Some of the stuff like sessionWith, using evergreenCapabilities, and runWD come from Test.HSpec.Webdriver, so feel free to ignore that stuff if you’re not actually working with it. runWD was defined earlier. Basically all this working test does is wrap the entire test suite with a PhantomJS process creation and cleanup. Despite that, there were some downsides:

  • Unfortunately/Fortunately the whole test suite now runs with a PhantomJS made (not by individual test case (turns out this is fine, because sessions are used – don’t have to worry about tests colliding too much as long as they’re in separate sessions.)
  • Had to use sessionWith and pass along the Port that phantom will get started on (randomly picked). The info argument that is getting used in the main declaration is basically a bunch of information produced by the IO action that started phantom… things like the port that phantom is running on along with the ThreadId (for when it’s time to close it).
  • Since I don’t want to work on just setting up the machinery forever, I’ve only got one more code clean up in me: using the bracket pattern.

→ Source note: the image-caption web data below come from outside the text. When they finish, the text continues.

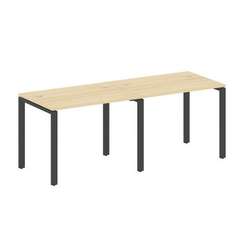 Метал Систем Рабочая станция на 2 места на П-образном м/к БП.СМ-2.1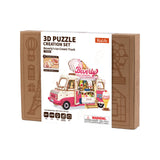 Geschenkidee für Bastler: Rolife Beverly’s Ice Cream Truck zu Geburtstag oder Weihnachten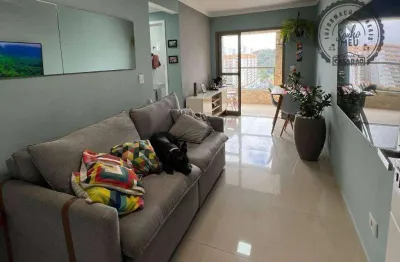 Apartamento com 2 quartos à venda na Rua Mário Tamashiro, Boqueirão, Praia Grande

Adding in the bracket pattern

Here’s the code with my naive use of the bracket pattern:

bracketWD :: IO a
      -> (a -> IO b)
      -> (a -> WD c)
      -> WD c
bracketWD acquire release middle = do
  resource <- liftIO acquire
  result <- middle resource
  _ <- liftIO $ release resource
  return result

withAppInstance :: AppConfig -> ((Int, ThreadId) -> IO ()) -> IO ()
withAppInstance = flip bracket (killThread . snd) . startAppForTest

withAppInstanceWD :: AppConfig -> ((Int, ThreadId) -> WD ()) -> WD ()
withAppInstanceWD = flip bracketWD (killThread . snd) . startAppForTest

It’s pretty cool how similar withAppInstanceWD is to withAppInstance – I only needed to change bracket to bracketWD. For those wondering at home why I couldn’t just lift it – I couldn’t (I think) because the middle action (whatever’s actually being run) needs to be in the WD monad (not IO).

Running it all (spoiler: it fails, for reasons I didn’t expect)

After running all this, it turns out the test are failing, and I’m not sure why at first. When I load the page on my own (as I develop), everything works of course, but when I look a the output of the test, selenium is complaining about the commands that are being used. :(

Turns out **selenium’s radical API change broke Test.HSpec.Webdriver. I tried to revert to old selenium versions for a bit (painfully downloading and running random JARs from their site) hoping to find one that was sufficiently old but in the end I just gave up (it didn’t even matter either, going back versions would create problems in the long run). At that point, I’d already poured quite a bit of time into understanding everything but I decided to just cut with what I had in favor of implementing the E2E tests in JS land, as it’s more likely to have some project that kept up with the changes (again thanks to the hs-webdriver project for even attempting/giving such a good base to work on).

So I definitely discovered one dissapointing bit in haskell, there’s not a lot of work in the web driver space (though there is at 1 execllent project that is doing it’s best), but I’ve heard good things about nightwatchJS, and am excited to give it a shot.

And I would have gotten away with it too, if it weren’t for those meddling full API rewrites and inconsistent/unclear documentation.

PS As I said above, I actually went with a JS solution, but it turned out to NOT be nightwatchJS, I switched to using chromedriver + webdriverio . Thank you to selenium for innovating and pioneering the path to where we are today, but dear lord is it hard to use. I actually tried about 3 JS libraries before settling on webdriver.io, it won out because it worked, was easy enough to use, and didn’t try to make too many decisions for me. I have a certain test structure I like and tools like nightwatch were very much hyped, but a little too opinionated for my taste. I know what I want to accomplish, just give me the tools and abstractions to get there easily. For example, don’t require me to export certain functions from a file… just give me a function to run, that returns a promise (or takes a callback, whatever) and let me go on my way.